UPDATED 3/13, 6:49 p.m. ET: After turning herself in on mail fraud charges Wednesday, Full House star Lori Loughlin appeared in Los Angeles federal court and was released on $1 million bond. Variety reports the 54-year-old actress will also face charges in Boston federal court March 29.

"The judge specified that she would be allowed to speak to her daughters and husband about the charges, but to no one else connected with the case," the outlet reported.

As part of the same college admissions fraud investigation, actress Felicity Huffman was taken into custody and released on $250,000 bail on Tuesday.

See original story below.

Unsealed court documents have let the public in on a massive college entrance exam cheating scheme in Boston.

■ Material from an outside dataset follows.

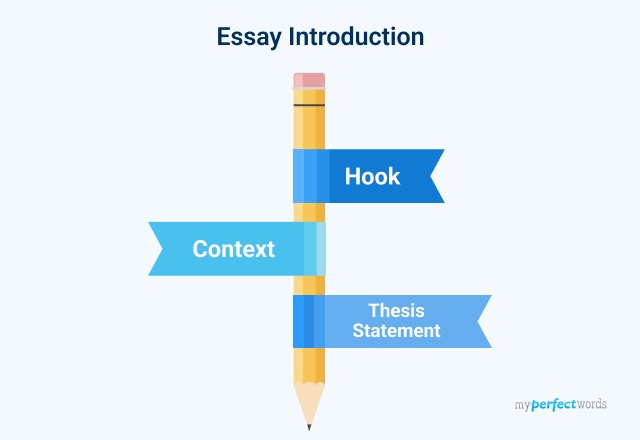 essay introduction types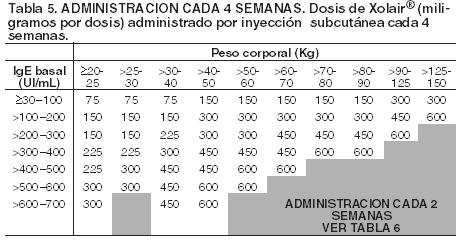 fogyás a xolair-en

The plot is alleged to have revolved around securing the admission of students to major universities as recruited athletes "regardless of their athletic abilities" and assisting prospective enrollees with exam cheats (i.e. SAT and ACT), per an NBC News report filed Tuesday.

Affected universities allegedly include Stanford, Georgetown, UCLA, and Yale. Among the dozens of people named in the indictment are multiple coaches, as well as Felicity Huffman and Lori Loughlin. Huffman and husband William H. Macy are alleged to have given a "charitable donation of $15,000" to participate in the scheme on behalf of their oldest daughter. Macy, however, is not listed in federal documents as among those hit with a charge. Loughlin and husband Mossimo Giannulli are accused of agreeing to "pay bribes totaling $500,000" in exchange for USC crew team designation, which was aimed at ensuring institution acceptance. Giannulli is named among those hit with charges.

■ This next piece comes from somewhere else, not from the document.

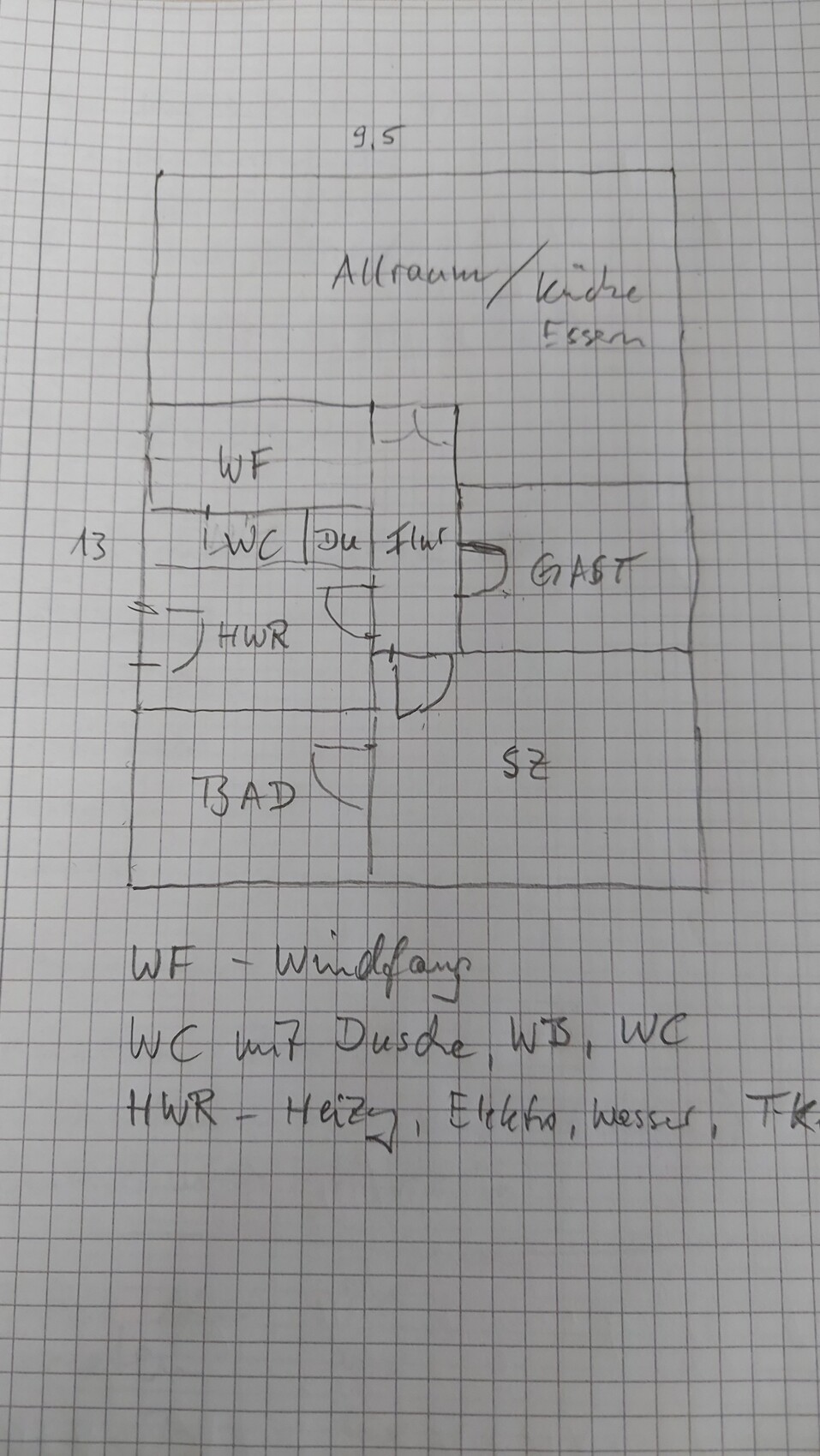 Skizzen-Grundriss: Oben Großraum Küche/Essen, rechts Gast, links Bad, WC, HWR, Flur, unten SZ.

As for Macy's omission from the list of charged alleged participators, deeper dives into the court documents show a possible reason why. Per Page Six, Macy and Huffman allegedly declined to pay up $15,000 to boost their younger daughter's test scores. Prosecutors have also reportedly not spoken of evidence on Macy, i.e. email communications or phone records, prior to a December 2017 SAT exam.

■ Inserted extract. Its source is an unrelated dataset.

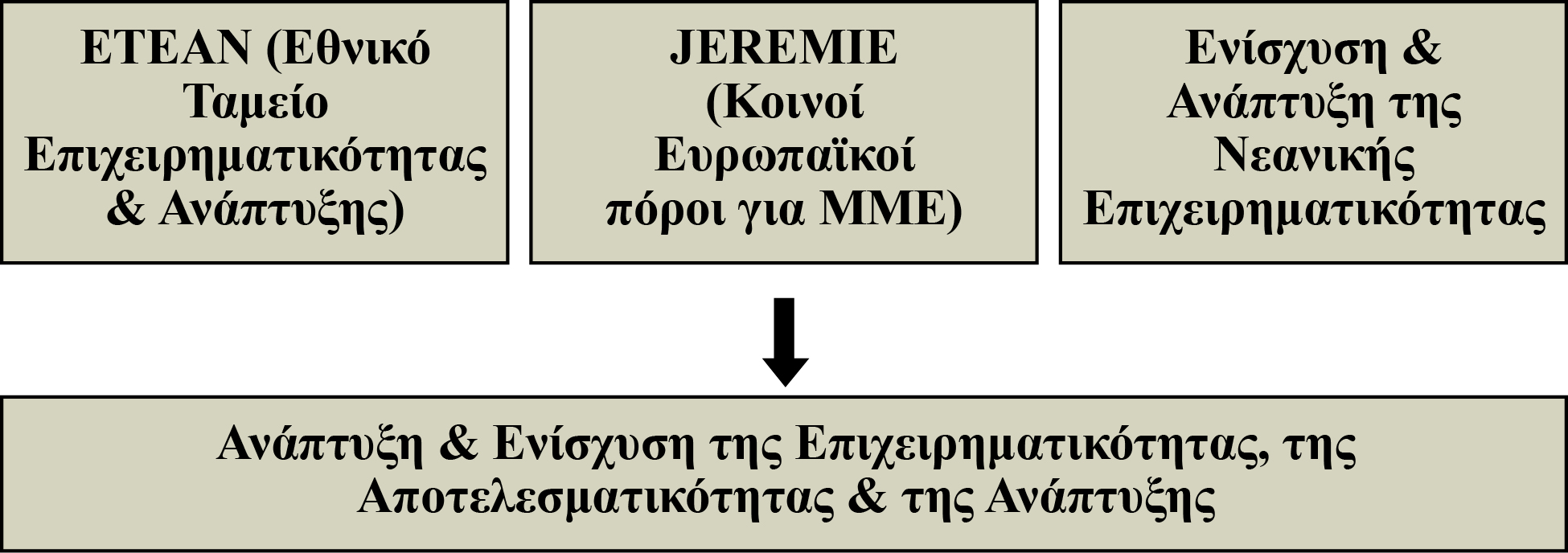 9.2. Ευρωπαϊκή Ένωση και επιχειρηματικότητα H Ευρωπαϊκή Ένωση προσπαθεί να στηρίξει και να τονώσει την επιχειρηματικότητα, έτσι ώστε να ενισχύσει την ανάπτυξη, την παραγωγή, την απασχόληση και την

Huffman was among those taken into custody Tuesday morning. Though initial reports added Loughlin to that assortment, she was reportedly not in the Los Angeles area Tuesday morning when federal officials showed up at her home.

The alleged scam is further described by federal investigators as a "nationwide conspiracy that facilitated cheating." Per documents, the majority of allegedly affected students had no knowledge that the scheme was in play. Other charges scattered across the newly revealed documents include conspiracy to commit racketeering, money laundering, and obstruction of justice. All told, millions in bribes are alleged to have been paid out.

One alleged method of bending exams in the prospective students' favor, as detailed in the FBI's complaint, involved securing extended time for them to complete tests in "an individualized setting." From there, bribed test admins would let a third party either proctor the proceedings while giving out correct answers, add correct answers after completion, or take the exam in the prospective student's place. Of those charged, 33 of them are parents to students or prospective students. In a press conference Tuesday, federal investigators characterized them as a "catalog of wealth and privilege."

William Rick Singer, founder of a college prep business in Newport, is alleged to have been the brains behind the operation. Singer's charges include racketeering conspiracy, money laundering conspiracy, conspiracy to defraud the U.S., and obstruction of justice. He is expected to plead guilty Tuesday afternoon.